Change the definition of ==Integer>>>factorial== by inserting the underlined
expression as shown below:

[[[
Integer>>>factorial
	"Answer the factorial of the receiver."
	self = 0 ifTrue: [thisContext explore. self halt. ^ 1].
	self > 0 ifTrue: [^ self * (self - 1) factorial].
	self error: 'Not valid for negative integers'
]]]

Now evaluate ==3 factorial== in a workspace. You should obtain both a debugger
window and an explorer, as shown in Figure *@fig:exploringThisContext*.

+Exploring ==thisContext==.>file://figures/exploringThisContext.png|label=fig:exploringThisContext+

Welcome to the poor man's debugger! If you now browse the class of the explored
object (''i.e.'', by evaluating ==self browse== in the bottom pane of the
explorer) you will discover that it is an instance of the class
==MethodContext==, as is each ==sender== in the chain.

==thisContext== is not intended to be used for day-to-day programming, but it is
essential for implementing tools like debuggers, and for accessing information
about the call stack. You can evaluate the following expression to discover
which methods make use of ==thisContext==:

[[[
SystemNavigation default browseMethodsWithSourceString: 'thisContext'
]]]

As it turns out, one of the most common applications is to discover the sender
of a message. Here is a typical application:

[[[
Object>>>subclassResponsibility
	"This message sets up a framework for the behavior of the class' subclasses.
	Announce that the subclass should have implemented this message."

	self error: 'My subclass should have overridden ', thisContext sender selector printString
]]]

By convention, methods that send ==self subclassResponsibility==
are considered to be abstract. But how does ==Object>>subclassResponsibility==
provide a useful error message indicating which abstract method has been
invoked? Very simply, by asking ==thisContext== for the sender.

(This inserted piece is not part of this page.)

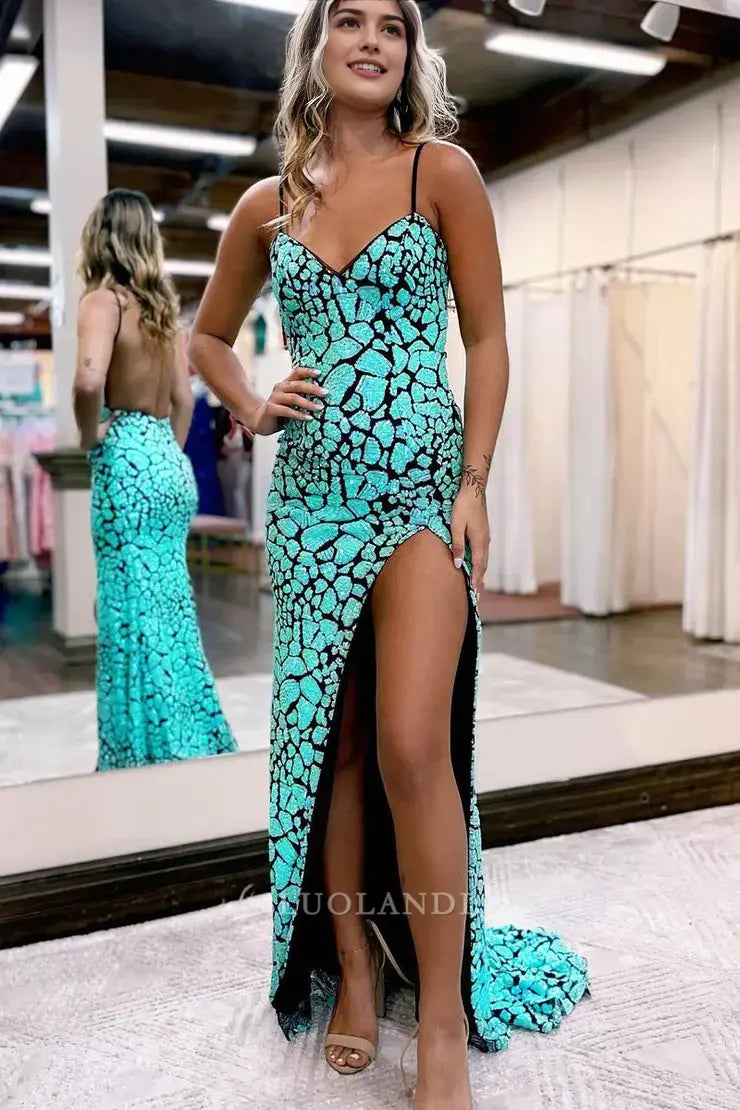 Luolandi Mermaid V Neck Long Formal Prom Dresses with Slit Charming Graduation Dress Chic Party Evening Gowns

!!!Intelligent breakpoints

The Pharo way to set a breakpoint is to evaluate ==self halt== at an
interesting point in a method. This will cause ==thisContext== to be reified,
and a debugger window will open at the breakpoint. Unfortunately this poses
problems for methods that are intensively used in the system.

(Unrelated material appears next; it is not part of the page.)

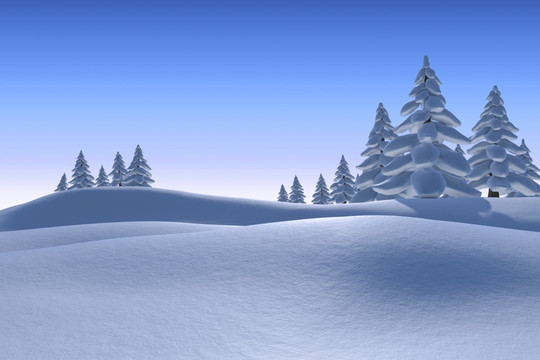 雪景觀和冷杉樹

Suppose, for instance, that we want to explore the execution of
==OrderedCollection>>>add:==. Setting a breakpoint in this method is
problematic.

Take a ''fresh'' image and set the following breakpoint:

[[[
OrderedCollection>>>add: newObject
	self halt.
	^self addLast: newObject
]]]

Notice how your image immediately freezes!  We do not even get a debugger
window. The problem is clear once we understand that 1)
==OrderedCollection>>>add:== is used by many parts of the system, so the
breakpoint is triggered very soon after we accept the change, but 2) ''the
debugger itself'' sends ==add:== to an instance of ==OrderedCollection==,
preventing the debugger from opening! What we need is a way to ''conditionally
halt'' only if we are in a context of interest. This is exactly what
==Object>>haltIf:== offers.

Suppose now that we only want to halt if ==add:== is sent from, say, the context
of ==OrderedCollectionTest>>>testAdd==.

Fire up a fresh image again, and set the following breakpoint:

[[[
OrderedCollection>>>add: newObject
	self haltIf: #testAdd.
	^self addLast: newObject
]]]

This time the image does not freeze. Try running the ==OrderedCollectionTest==.
(You can find it in the ==CollectionsTests-Sequenceable== package.)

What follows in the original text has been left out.